Advertisements for the products on Japanese television, radio and shopping channels sparked an inquiry from a company seeking the rights to market the range in Korea, another potentially huge market.

When he was approached by the Japanese distributor, Mr Shearing contacted Government body UK Trade & Investment to ask for advice on exporting.

UKTI set up a translator and conference call from the British embassy in Tokyo and later helped arrange a fact-finding trip to the city for Mr Shearing, from which he returned with the three-year contract.

He said: “After we had delivered the first order, which was for thousands and more than we would normally sell in the UK in a year, the distributor contacted me again and said the product was going very, very well indeed.

“In fact, they had sold out and could I get some more to them quickly?

“Then we heard that the top five wholesalers in Japan were prepared to take the product.

“It is very difficult to talk numbers or turnover because we have only been doing this for six months and the market is opening up all the time.

“If they expand into the Far East then they will want more and more. This has completely changed the dynamics of our company.”

The company also plans to expand into the north American and Indian markets in the future.

Mr Shearing snapped up exclusive rights to the bluestone quarry in the Preseli Hills in north Pembrokeshire ten years ago, after hearing the last working one was due to be closed.

The stones are sold through the company’s website and at a shop in the Stonehenge visitor centre. Welsh-based jewellery business Rhiannon designs a range of upmarket jewellery using the bluestones, but the mass-market pieces for the Japanese outlets are produced in Germany.

According to archaeologists, the healing legend of bluestone can be traced back to the Stone Age and probably started because the Preseli rock was surrounded by spring water regarded as having magical properties.

Welsh folklore names the area as the gateway to the underworld and particularly significant to Merlin and the Druids.

Scientific testing proved the bluestone at Preseli is the same as the standing stones of the inner circle of Stonehenge, constructed 5,000 years ago. But experts are divided over whether Stonehenge was used as a centre for healing or cremation, and if the stones were dragged from west Wales to Wiltshire by our ancestors, or shifted there naturally by glaciers.

Mr Shearing said: “It is a very subjective thing. Some people hold on to a bluestone and feel absolutely nothing while it knocks others for six.
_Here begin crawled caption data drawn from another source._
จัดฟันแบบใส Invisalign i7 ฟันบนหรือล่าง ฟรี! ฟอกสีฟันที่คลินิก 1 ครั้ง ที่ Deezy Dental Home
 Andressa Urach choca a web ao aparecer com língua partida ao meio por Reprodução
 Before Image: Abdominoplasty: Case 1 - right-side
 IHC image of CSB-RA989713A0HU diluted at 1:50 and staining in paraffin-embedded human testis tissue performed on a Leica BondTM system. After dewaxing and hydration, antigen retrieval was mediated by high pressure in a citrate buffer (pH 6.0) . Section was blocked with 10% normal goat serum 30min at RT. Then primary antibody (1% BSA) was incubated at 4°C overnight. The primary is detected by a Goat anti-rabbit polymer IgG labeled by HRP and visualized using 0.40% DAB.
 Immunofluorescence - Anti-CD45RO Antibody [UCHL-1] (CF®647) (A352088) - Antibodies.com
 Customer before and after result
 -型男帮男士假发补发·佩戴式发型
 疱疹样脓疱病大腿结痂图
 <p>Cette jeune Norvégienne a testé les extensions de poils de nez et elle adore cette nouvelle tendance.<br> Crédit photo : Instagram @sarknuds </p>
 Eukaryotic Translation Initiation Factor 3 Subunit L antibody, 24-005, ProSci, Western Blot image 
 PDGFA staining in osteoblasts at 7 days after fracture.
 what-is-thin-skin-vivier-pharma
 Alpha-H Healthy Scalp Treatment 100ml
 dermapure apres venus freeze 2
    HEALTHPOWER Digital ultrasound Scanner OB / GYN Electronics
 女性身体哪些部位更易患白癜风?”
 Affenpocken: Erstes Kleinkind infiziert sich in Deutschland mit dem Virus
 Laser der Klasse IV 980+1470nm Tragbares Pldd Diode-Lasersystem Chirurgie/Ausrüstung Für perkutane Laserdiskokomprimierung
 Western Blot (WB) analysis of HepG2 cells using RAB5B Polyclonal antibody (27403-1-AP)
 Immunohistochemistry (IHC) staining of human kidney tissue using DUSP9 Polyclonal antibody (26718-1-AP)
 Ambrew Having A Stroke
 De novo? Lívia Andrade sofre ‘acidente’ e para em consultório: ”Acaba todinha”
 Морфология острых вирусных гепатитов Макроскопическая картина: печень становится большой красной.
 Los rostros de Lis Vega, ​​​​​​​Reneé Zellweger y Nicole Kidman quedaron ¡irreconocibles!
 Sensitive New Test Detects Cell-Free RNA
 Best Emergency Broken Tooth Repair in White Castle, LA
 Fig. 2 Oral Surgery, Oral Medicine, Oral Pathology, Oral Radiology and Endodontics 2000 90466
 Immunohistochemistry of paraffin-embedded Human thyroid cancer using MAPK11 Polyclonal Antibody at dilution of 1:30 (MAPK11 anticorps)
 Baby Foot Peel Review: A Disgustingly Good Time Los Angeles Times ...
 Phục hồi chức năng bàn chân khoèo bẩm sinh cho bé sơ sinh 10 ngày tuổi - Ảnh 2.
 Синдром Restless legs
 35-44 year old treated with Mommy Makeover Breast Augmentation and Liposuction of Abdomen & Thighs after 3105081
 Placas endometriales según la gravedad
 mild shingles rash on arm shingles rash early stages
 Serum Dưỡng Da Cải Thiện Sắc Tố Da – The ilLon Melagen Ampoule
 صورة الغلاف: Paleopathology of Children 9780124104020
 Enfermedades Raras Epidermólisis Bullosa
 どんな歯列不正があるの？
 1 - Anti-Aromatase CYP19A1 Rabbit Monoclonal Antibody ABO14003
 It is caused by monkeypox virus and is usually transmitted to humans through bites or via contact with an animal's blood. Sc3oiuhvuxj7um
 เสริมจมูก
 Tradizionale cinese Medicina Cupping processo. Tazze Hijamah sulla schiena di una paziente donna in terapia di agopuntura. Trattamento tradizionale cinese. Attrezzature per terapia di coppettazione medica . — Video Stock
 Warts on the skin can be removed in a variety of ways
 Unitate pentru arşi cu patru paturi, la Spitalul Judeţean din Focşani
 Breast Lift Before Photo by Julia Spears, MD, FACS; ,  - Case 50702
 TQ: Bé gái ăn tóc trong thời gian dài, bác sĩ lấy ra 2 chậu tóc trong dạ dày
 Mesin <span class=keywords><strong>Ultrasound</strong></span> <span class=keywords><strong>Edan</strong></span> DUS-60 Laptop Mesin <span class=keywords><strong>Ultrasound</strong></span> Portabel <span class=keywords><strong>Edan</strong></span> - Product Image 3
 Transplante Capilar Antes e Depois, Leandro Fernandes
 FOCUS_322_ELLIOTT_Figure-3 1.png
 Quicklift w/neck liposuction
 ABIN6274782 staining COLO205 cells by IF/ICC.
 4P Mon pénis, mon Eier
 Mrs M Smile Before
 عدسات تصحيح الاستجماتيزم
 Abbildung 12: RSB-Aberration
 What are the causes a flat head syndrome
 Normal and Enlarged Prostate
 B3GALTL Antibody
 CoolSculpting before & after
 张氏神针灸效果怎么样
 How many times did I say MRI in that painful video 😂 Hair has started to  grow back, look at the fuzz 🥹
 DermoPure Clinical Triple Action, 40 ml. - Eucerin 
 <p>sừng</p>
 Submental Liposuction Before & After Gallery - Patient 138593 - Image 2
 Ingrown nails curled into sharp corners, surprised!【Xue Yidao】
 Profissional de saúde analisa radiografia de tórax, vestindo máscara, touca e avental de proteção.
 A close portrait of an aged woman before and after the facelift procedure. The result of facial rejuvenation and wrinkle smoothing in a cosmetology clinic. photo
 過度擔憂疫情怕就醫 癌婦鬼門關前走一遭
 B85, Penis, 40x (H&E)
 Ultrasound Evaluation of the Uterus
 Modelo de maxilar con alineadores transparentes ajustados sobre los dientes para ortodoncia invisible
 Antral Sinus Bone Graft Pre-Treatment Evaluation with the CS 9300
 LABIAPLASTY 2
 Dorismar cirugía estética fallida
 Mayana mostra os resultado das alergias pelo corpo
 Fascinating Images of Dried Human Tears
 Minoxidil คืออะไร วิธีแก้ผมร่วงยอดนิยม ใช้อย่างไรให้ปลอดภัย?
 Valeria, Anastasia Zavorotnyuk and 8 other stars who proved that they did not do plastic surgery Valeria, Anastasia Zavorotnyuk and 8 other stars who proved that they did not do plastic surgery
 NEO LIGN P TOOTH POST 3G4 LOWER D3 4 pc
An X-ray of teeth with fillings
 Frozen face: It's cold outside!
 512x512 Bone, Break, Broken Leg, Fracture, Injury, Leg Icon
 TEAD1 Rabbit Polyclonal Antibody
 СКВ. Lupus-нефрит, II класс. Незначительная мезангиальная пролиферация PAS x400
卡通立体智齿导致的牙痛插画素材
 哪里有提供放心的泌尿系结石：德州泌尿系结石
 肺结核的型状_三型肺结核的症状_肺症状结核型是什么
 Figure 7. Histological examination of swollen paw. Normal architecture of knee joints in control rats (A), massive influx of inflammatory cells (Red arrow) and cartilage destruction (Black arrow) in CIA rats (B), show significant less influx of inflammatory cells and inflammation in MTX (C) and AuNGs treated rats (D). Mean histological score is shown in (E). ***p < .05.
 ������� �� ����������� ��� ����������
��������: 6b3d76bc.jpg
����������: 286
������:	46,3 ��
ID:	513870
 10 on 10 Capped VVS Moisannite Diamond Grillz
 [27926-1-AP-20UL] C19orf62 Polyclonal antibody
“No one knows exactly why, but it is something to do with the vibrations of the stone matching or mismatching the vibrations of the person’s body. This is a real heritage product. There is nothing like it in the world. We are the only ones who are able to supply this stone in quantities like this.

“But we have to be careful when describing it as a piece of Stonehenge. We do get Americans calling us to ask: ‘How do you guys get permission to go into Stonehenge and chip pieces off the stones?’”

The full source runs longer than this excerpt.